* _SOURCE DATA_
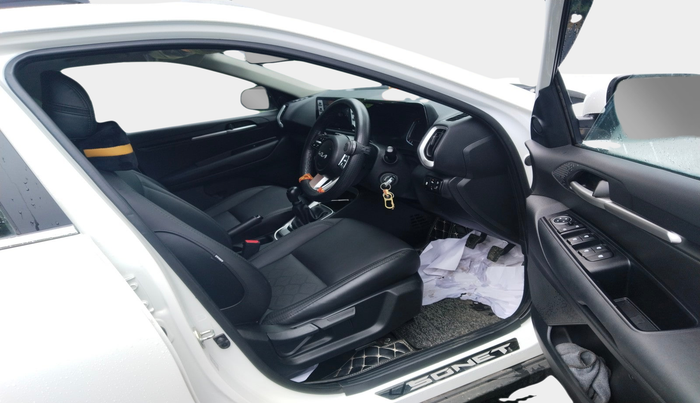 2024 KIA SONET HTK (O) 1.2 Petrol MT, Petrol, Manual, 19,256 km, interior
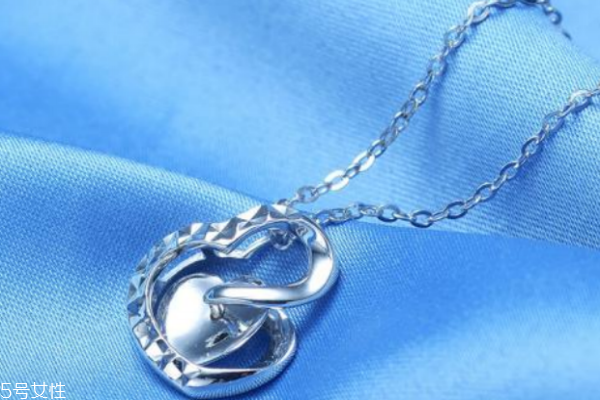 鉑金項鏈好還是黃金項鏈好 各有各的價值 鉑金項鏈好還是黃金項鏈好 各有各的價值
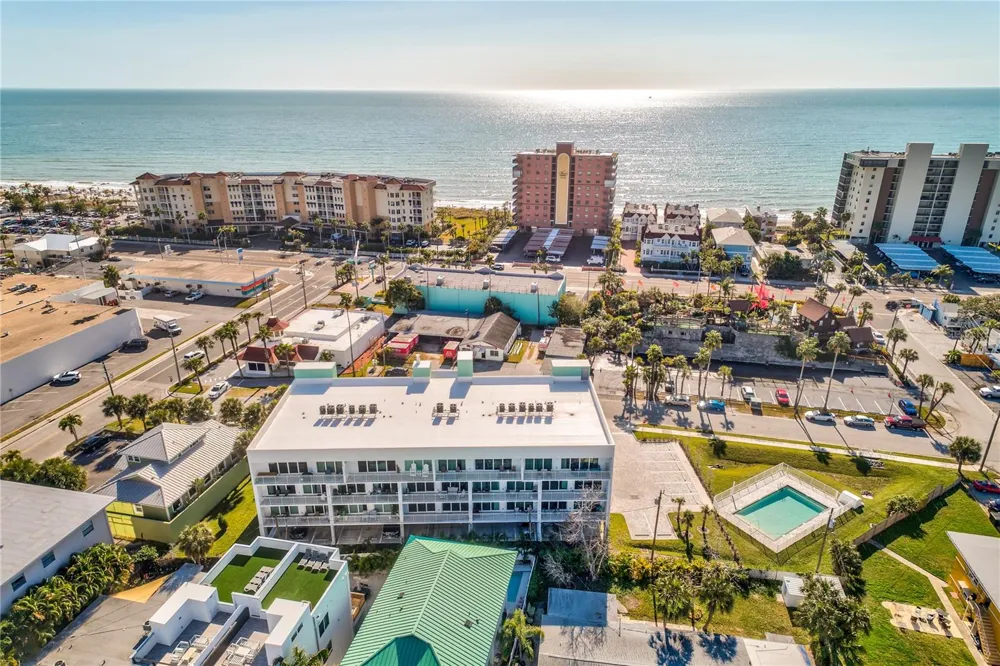 15305 1ST STREET E #305 Madeira Beach, FL 33708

* _WHAT IS NEEDED_
Could each line of the data be written out exactly, with no pictures included?

* _TASK OUTPUT_
 2024 KIA SONET HTK (O) 1.2 Petrol MT, Petrol, Manual, 19,256 km, interior
 鉑金項鏈好還是黃金項鏈好 各有各的價值 鉑金項鏈好還是黃金項鏈好 各有各的價值
 15305 1ST STREET E #305 Madeira Beach, FL 33708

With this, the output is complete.